9. Though their Lordships had no occasion to deal with s. 10(22) of the Act, the pronouncements are wide enough to cover the case of an “educational institution” because under s. 10(22), the “educational institution” must exist “solely” for educational purposes.

10. The Tribunal tried to make a distinction between the word “education” used in s. 2(15) and the words “educational institution” occurring in s. 10(22) of the Act. According to their Lordships of the Supreme Court, visiting a museum is one way of education in the great school of life but that is not the sense in which the word “education” is used in cl.(15) of s. 2 of the Act. According to their Lordships, “education” connotes the process of training and developing the knowledge, etc., of students by normal schooling. In this view of the matter, the museum cannot be taken to be an “educational institution” existing”solely” for educational purposes.
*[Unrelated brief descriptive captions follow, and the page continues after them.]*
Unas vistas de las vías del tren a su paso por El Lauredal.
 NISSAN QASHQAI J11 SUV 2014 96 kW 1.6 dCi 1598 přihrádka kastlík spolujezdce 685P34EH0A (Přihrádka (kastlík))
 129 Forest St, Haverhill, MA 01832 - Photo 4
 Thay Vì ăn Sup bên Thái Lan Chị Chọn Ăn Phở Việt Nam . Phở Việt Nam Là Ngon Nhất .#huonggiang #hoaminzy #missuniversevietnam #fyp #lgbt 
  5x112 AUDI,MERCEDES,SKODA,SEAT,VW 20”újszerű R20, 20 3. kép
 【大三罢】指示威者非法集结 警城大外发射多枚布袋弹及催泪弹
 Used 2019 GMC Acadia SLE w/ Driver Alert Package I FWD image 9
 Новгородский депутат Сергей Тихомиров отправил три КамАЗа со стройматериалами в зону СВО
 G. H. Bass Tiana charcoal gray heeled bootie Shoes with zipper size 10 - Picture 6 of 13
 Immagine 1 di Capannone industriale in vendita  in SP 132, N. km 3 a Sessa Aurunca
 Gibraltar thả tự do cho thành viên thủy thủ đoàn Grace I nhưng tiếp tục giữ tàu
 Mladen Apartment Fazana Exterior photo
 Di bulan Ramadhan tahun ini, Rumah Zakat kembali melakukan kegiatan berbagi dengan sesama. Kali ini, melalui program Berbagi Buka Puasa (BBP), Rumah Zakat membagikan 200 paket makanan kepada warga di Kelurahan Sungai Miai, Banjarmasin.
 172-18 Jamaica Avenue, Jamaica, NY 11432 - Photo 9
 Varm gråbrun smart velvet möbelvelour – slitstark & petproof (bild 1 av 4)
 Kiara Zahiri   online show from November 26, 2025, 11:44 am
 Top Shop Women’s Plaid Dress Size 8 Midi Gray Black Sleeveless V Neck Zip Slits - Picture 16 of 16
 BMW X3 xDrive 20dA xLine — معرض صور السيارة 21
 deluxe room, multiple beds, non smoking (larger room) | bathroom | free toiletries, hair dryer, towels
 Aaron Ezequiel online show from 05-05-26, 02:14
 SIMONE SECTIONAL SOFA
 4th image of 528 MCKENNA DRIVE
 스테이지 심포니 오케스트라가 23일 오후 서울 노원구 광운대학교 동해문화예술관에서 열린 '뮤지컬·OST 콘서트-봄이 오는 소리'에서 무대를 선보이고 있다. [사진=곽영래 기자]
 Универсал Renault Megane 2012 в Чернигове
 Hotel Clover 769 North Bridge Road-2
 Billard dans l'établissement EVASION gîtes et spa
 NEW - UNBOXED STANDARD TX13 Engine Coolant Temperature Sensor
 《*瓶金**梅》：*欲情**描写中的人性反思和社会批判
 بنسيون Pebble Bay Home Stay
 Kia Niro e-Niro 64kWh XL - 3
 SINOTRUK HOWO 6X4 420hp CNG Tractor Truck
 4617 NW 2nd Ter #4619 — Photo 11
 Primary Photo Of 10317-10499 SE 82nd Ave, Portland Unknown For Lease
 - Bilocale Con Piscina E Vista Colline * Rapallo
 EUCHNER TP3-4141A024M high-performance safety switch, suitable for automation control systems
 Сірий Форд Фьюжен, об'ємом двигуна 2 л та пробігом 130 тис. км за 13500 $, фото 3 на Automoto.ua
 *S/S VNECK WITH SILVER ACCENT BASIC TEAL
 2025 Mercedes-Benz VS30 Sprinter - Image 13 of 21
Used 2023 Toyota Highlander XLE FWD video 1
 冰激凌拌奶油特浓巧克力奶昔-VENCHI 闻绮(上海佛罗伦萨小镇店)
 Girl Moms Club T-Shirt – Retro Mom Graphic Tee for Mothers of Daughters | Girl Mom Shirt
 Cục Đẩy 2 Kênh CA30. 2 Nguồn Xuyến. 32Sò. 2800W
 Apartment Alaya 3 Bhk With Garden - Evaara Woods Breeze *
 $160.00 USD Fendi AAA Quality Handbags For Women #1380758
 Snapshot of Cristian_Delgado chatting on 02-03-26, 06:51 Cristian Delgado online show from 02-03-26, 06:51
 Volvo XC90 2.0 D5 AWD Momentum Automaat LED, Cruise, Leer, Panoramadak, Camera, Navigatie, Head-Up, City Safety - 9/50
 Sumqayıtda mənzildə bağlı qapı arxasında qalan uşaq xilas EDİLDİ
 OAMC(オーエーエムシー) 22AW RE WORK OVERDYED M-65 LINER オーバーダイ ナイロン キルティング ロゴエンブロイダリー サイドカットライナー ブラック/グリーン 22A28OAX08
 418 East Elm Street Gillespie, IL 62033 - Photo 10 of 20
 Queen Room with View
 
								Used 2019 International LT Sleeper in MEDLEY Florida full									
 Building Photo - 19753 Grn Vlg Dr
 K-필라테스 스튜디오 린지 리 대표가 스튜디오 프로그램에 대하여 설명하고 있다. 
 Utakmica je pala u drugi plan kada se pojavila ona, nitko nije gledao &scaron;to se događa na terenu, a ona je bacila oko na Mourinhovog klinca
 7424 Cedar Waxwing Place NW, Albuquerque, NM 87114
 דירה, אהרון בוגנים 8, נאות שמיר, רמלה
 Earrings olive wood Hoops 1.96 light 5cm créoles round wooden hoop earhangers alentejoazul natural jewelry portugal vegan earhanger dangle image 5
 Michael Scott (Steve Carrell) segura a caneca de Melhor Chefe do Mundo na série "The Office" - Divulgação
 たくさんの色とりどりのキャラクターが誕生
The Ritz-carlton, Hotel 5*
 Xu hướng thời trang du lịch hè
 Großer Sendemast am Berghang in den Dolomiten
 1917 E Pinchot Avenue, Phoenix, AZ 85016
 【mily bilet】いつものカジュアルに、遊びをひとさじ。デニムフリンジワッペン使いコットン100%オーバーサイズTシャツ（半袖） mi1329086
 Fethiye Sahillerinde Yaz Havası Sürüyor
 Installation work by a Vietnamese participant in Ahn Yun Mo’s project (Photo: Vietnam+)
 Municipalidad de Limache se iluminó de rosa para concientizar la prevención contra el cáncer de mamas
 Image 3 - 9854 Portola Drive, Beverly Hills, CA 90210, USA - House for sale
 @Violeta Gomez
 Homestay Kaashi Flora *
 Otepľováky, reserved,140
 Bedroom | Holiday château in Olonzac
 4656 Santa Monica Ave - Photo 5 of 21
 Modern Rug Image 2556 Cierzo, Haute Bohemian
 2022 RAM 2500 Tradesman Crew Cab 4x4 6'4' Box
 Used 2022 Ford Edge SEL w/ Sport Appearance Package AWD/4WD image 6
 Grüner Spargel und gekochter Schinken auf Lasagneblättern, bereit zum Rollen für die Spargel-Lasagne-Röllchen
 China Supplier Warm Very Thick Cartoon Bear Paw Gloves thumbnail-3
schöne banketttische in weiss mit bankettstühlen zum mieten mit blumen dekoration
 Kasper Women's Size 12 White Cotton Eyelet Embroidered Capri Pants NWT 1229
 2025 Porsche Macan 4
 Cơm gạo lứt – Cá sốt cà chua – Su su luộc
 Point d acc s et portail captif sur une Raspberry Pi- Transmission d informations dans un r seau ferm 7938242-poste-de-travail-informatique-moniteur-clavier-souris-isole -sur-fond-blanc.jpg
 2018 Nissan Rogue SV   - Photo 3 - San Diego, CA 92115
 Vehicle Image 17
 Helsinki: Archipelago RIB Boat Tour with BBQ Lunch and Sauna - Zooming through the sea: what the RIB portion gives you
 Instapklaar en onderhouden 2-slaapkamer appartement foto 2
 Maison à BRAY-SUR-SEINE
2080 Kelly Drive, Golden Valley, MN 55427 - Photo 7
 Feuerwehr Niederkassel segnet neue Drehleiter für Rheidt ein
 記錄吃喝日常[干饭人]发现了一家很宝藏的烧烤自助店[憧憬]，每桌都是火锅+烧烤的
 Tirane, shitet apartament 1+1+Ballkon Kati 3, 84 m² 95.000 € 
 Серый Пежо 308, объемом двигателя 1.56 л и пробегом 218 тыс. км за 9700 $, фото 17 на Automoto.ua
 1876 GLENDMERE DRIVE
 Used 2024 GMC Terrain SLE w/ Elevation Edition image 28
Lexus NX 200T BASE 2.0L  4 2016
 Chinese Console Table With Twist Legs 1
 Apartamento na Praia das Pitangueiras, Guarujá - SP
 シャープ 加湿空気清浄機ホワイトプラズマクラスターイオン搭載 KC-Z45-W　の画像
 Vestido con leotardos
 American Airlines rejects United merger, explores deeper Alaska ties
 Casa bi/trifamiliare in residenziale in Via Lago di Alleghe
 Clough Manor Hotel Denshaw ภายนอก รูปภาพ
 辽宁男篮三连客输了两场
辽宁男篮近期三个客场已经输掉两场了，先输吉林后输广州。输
Sec. 2(15) is wider in terms than s. 10(22) of the Act. If the assessee’s case does not fall within s. 2(15), it is difficult to put it in s. 10(22) of the Act.

We, therefore, hold that the assessee(trust) is not an “educational institution” within the meaning of s. 10(22) of the IT Act,1961. It is, therefore, liable to be assessed under the Act.

The reference is thus answered against the assessee and in favour of the Revenue.